Director Simon Rumley has assembled a small stable of actors well-known for their recent horror contributions. We have both Alex Essoe ("Starry Eyes", "Tales of Halloween") and the perennial favorite Ethan Embry ("Late Phases", "Devil's Candy"). Leading the way is Amanda Fuller (Rumley's "Red, White and Blue", "Starry Eyes", "Cheap Thrills", and more recently "Last Man Standing"). If for no other reason, this cast makes the film worth a watch.
The counterbalance is Eric Balfour, a man with very wolflike features, which makes him perfect as the seductive third party to lure in Fuller's character. Balfour was in "Texas Chainsaw Massacre", but interestingly enough also appeared in "Can't Hardly Wait" with co-star Embry.

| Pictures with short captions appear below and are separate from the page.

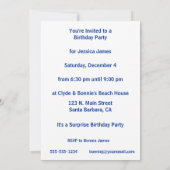 水彩魚 招待状 (裏面)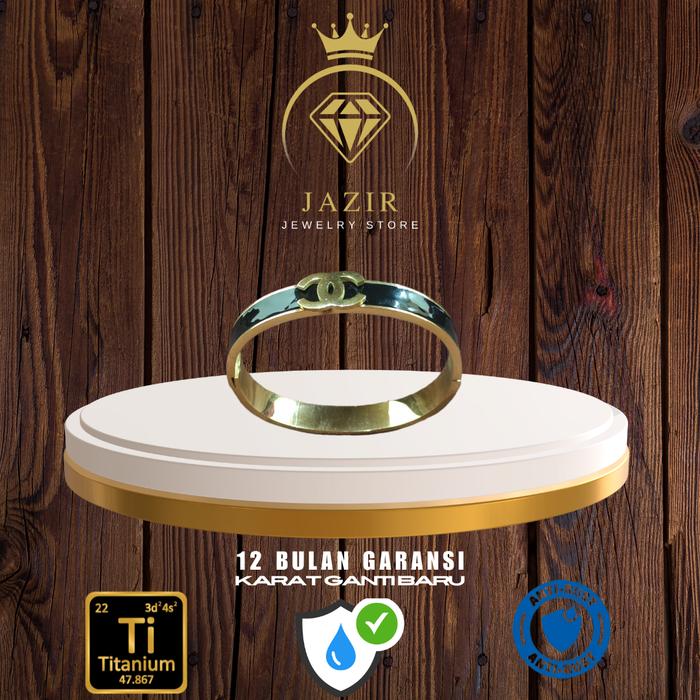 Jazir J12 - Gelang Channel Titanium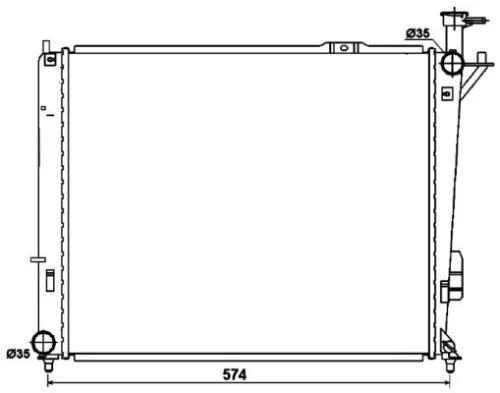 NRF Radiator, engine cooling (53174)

Frankly, Balfour's list of horror credits being so short is a surprise, as he has exactly the right look for it.
The cinematography has a strange, unnatural color palette, which seems to be Rumley's trademark. He (or cinematographer Milton Kam) used a similar device in "P is for Pressure". Perhaps not coincidentally, "Pressure" also had a certain plot element revolving around fashion / modeling. So is this another trademark of Rumley's: the love of clothes? Like the characters in "Fashionista", does he have a "special connection to clothes"? Well, without the addiction or running naked through stores, of course.
The film in general is quite good, though it does take a bit to get going. If you watch only the first half, you get a story about a second-hand store and infidelity. But it shifts gears in the second half to addiction and even darker themes, clearly treading into horror territory. We even get some interesting visual nods – a "Tenebrae" poster, and a "stitch woman" in a dream, which is unlike anything seen in film (the closest that comes to mind is "May").
"Fashionista" screened July 29, 2017 at the Fantasia International Film Festival. It is not the most conventional of horror stories, but that may be its strength. Simon Rumley went quickly from being a new face to being on the front lines for the next generation of genre fans. This film clearly adds to his already notable resume.